Medea
Dinamarca: 1988
Diretor: Lars Von
Trier
Como se faz para tornar filme um mito? E um mito de outro
tempo, outra cultura, outros valores, outro tudo? Temos 3 opções: a primeira é
fazer um filme “de época” dependendo do mito e dos recursos para a reconstituição
da “época” em questão, o filme tenderá mais ao ridículo e menos ao mito, e esse
é um problema comum, vide os filmes “clássicos dos anos 60/70 sobre temas
míticos.
A segunda é fazer uma atualização do tempo da história,
colocando-a na atualidade. Isso favorece uma identificação com a narrativa, mas
pode fazer um estrago considerável se não se definir ao que se deseja ser fiel,
à história ou a uma leitura dessa história. Penso no Anna Kerenina, ou no
Karamazovi como exemplos atuais de filmes que foram nessa segunda linha e se
saíram bem.
E a terceira é chutar o pau da barraca, e arriscar-se no que
há de mais difícil no território do mito, que é criar o clima de irrealidade
que faz do mito uma história inverossímil mas, pela resonância simbólica e
emocional, verdadeira – nessas esferas.
Lars von Trier arriscou-se nesta última possibilidade com um
agravante a mais, 19 anos antes dele, Pier Paolo Pasolini havia filmado o mesmo
mito tomando a mesma vertente de irrealidade simbólica para contar a história
da mulher traída pelo amado, que para puní-lo, mata sua esposa, e os proprios
filhos.
E o bacana é dizer que o jovem von Trier (tinha então 28
anos) mandou bem.
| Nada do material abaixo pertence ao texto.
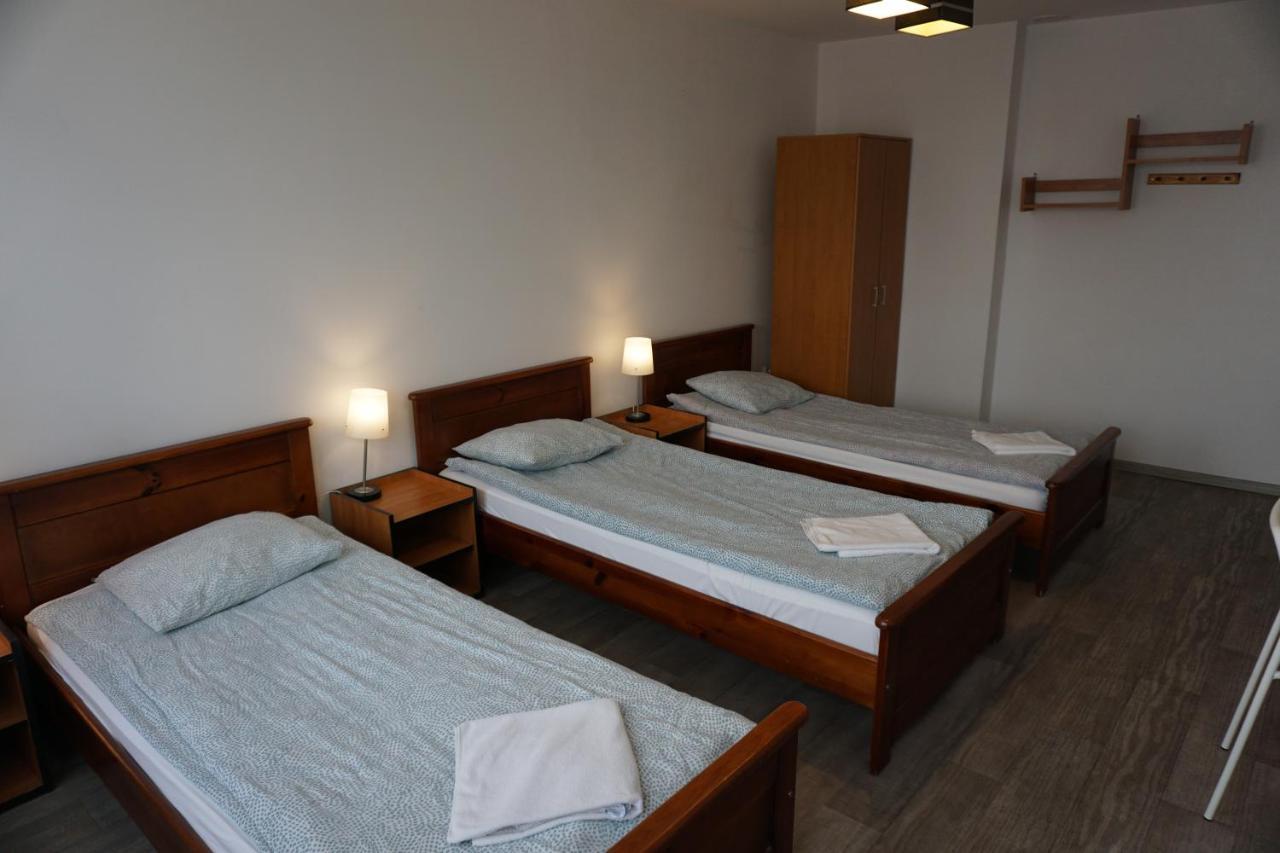 Scsk Brzezno Hostel กดัญสก์ ภายนอก รูปภาพ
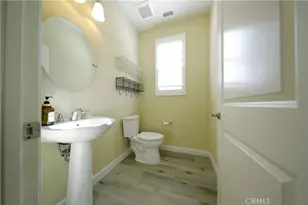77 Rembrandt, Irvine, CA 92620 - Photo 3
Criou uma atmosfera que não se prende a tempos nem figurinos
de época, criando ao mesmo tempo um ambiente estranho pela cenografia criativa
no uso de telas intermediárias, onde projetava imagens/cenários e interações; e
figurinos e locações indefiníveis.
Muitos anos e filmes depois ele criou o movimento DOGMA, que
propunha realizar filmes dentro de determinada cartilha. Cada vez mais acho que
ele se propõe desafios para ver como sair deles, fez apenas um filme
“dogmático”, Os Idiotas, e parece que
aprendeu o que queria ali. Do mesmo modo, desafiou-se a tomar um roteiro do
gigante do expressionismo alemão Dreyer (Carl Theodor Dreyer 1889–1968) e ver
como fazia não uma cópia, mas uma homenagem, com enquadramentos, fotografia e
interpretação que fossem desdobramentos dos feitos pelo mestre. Imagens belíssimas (vide alguns fotogramas abaixo), interpretações cuidadosas e uma experiência valiosa de cinema, com C maiúsculo!